[[ Dataset, beginning ]]

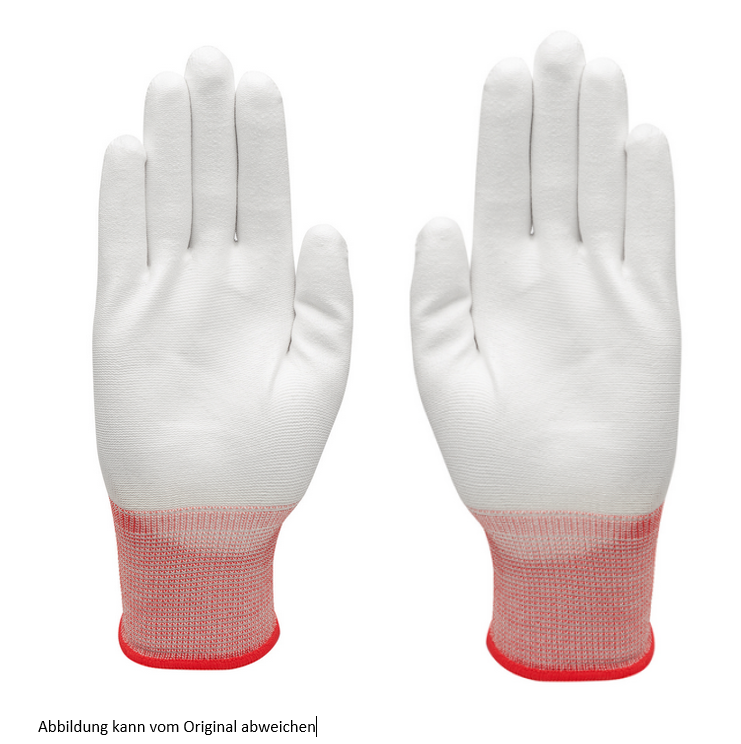 Polishing Gloves, Size M, White with yellow Wristband - 1 pair
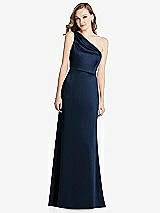 Front View Thumbnail - Midnight Navy Shirred One-Shoulder Satin Trumpet Dress - Maddie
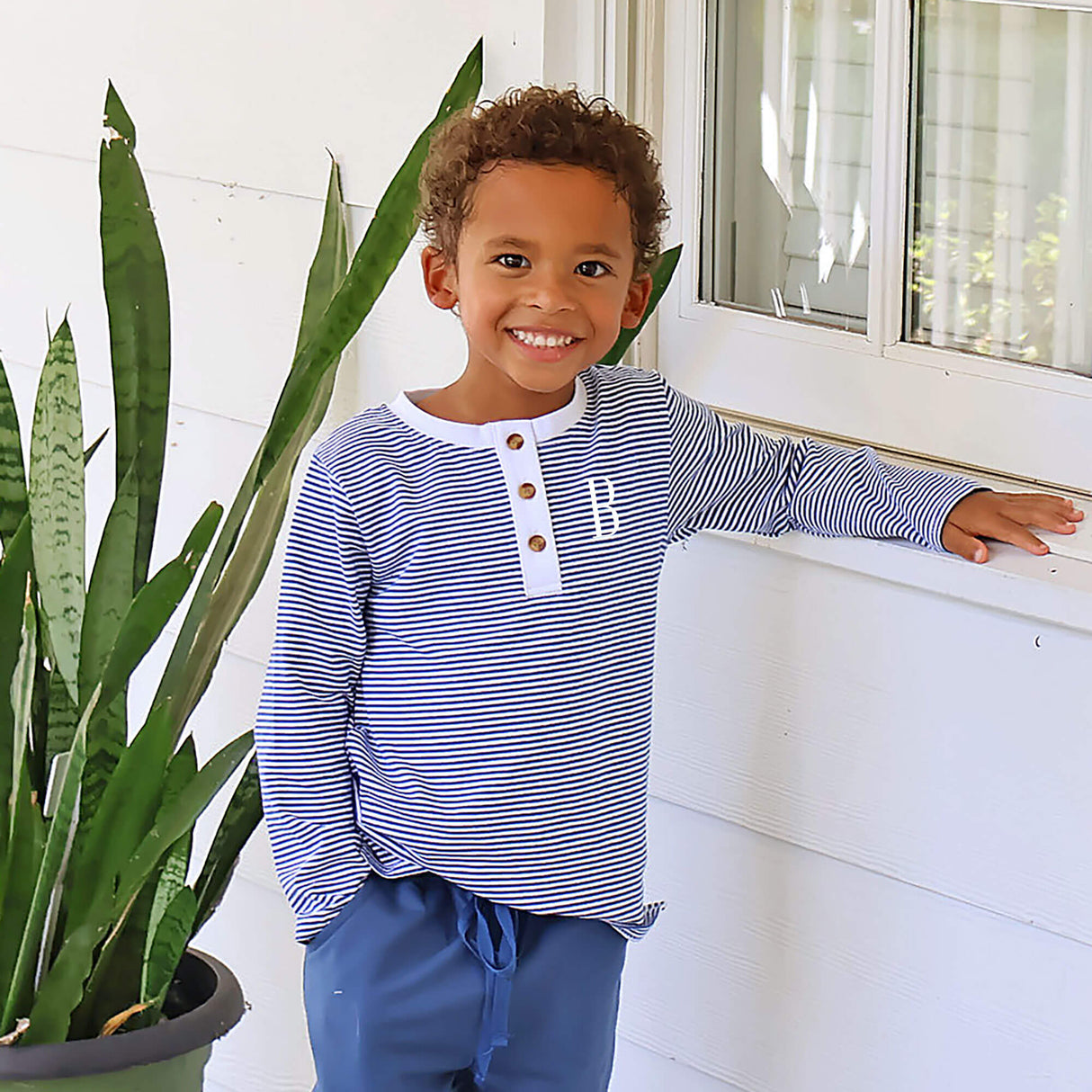 Royal Blue Stripe Long Sleeve Henley Shirt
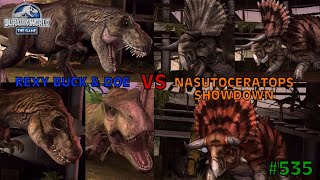 Rexy, Buck, & Doe vs Nasutoceratops Showdown - Jurassic World: the Game - EP 535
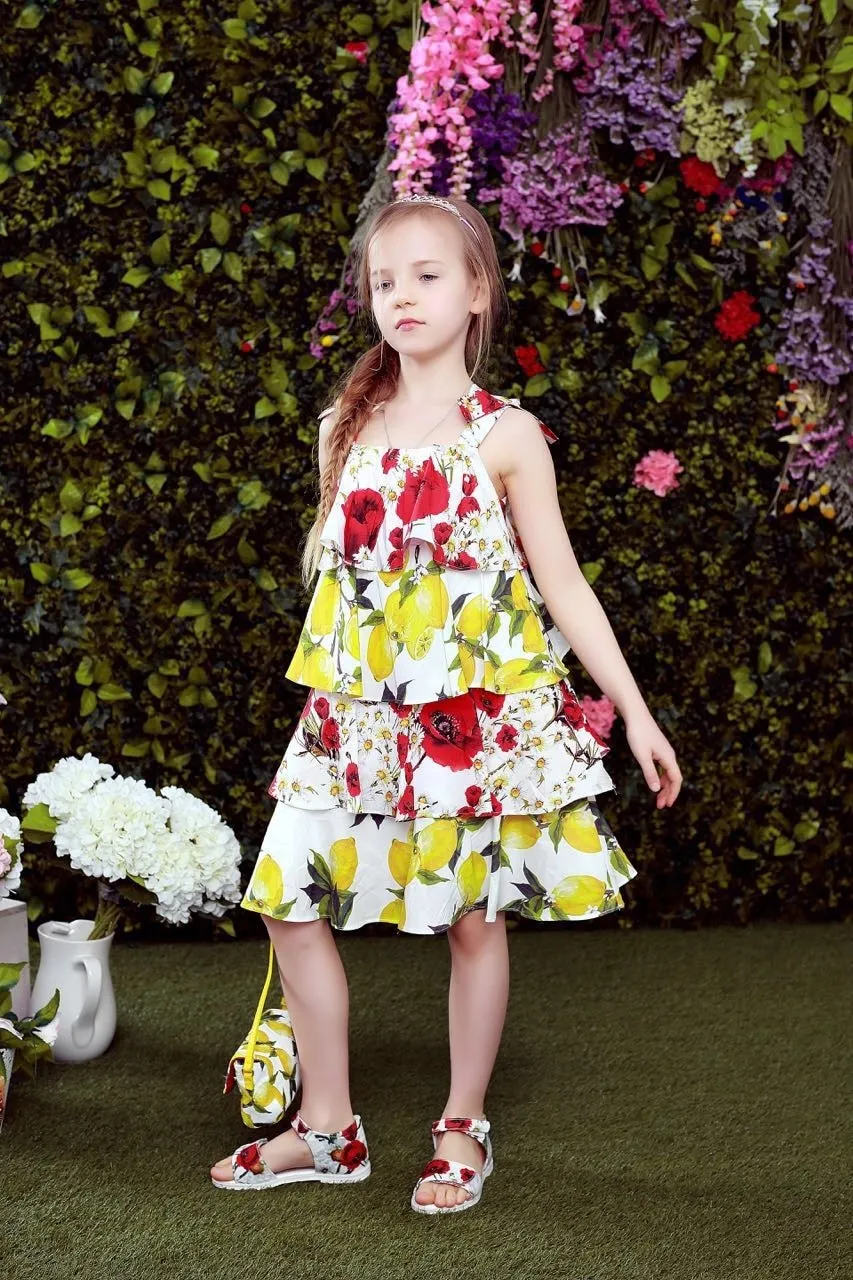 Floral Lemons Summer Dress, Size 3-10 Yrs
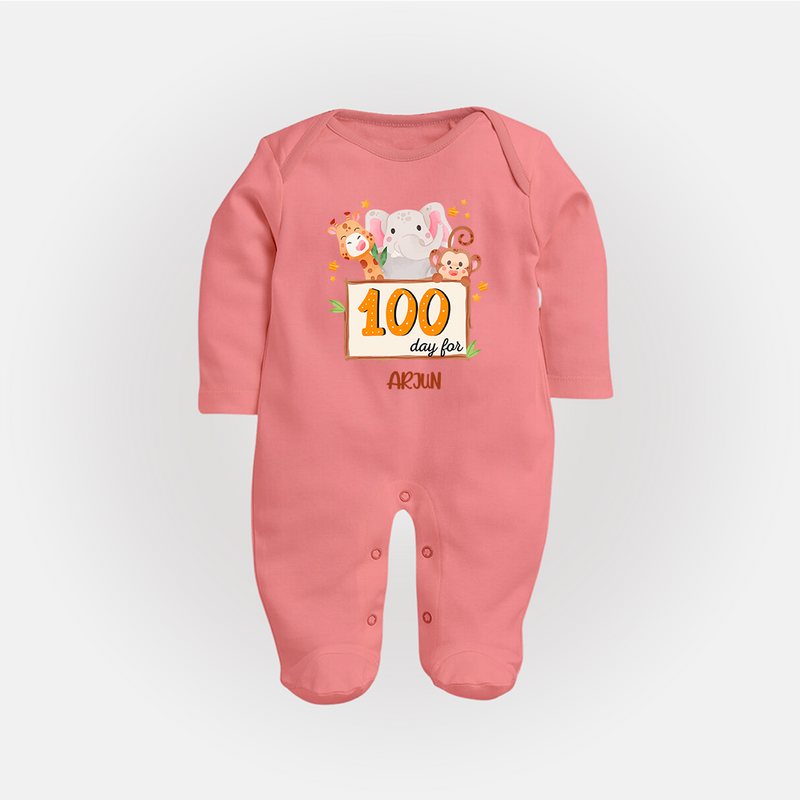 100 Days Old Sleep Suit | Personalized Baby Sleep Suit for 100 Days Milestone - PEACH - New Born (Chest 7.5")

[[ Dataset, end ]]

◆ Your goal ◆
Leaving out only the pictures, return the material above unchanged.

◆ Response to this task ◆
 Polishing Gloves, Size M, White with yellow Wristband - 1 pair
 Front View Thumbnail - Midnight Navy Shirred One-Shoulder Satin Trumpet Dress - Maddie
 Royal Blue Stripe Long Sleeve Henley Shirt
 Rexy, Buck, & Doe vs Nasutoceratops Showdown - Jurassic World: the Game - EP 535
 Floral Lemons Summer Dress, Size 3-10 Yrs
 100 Days Old Sleep Suit | Personalized Baby Sleep Suit for 100 Days Milestone - PEACH - New Born (Chest 7.5")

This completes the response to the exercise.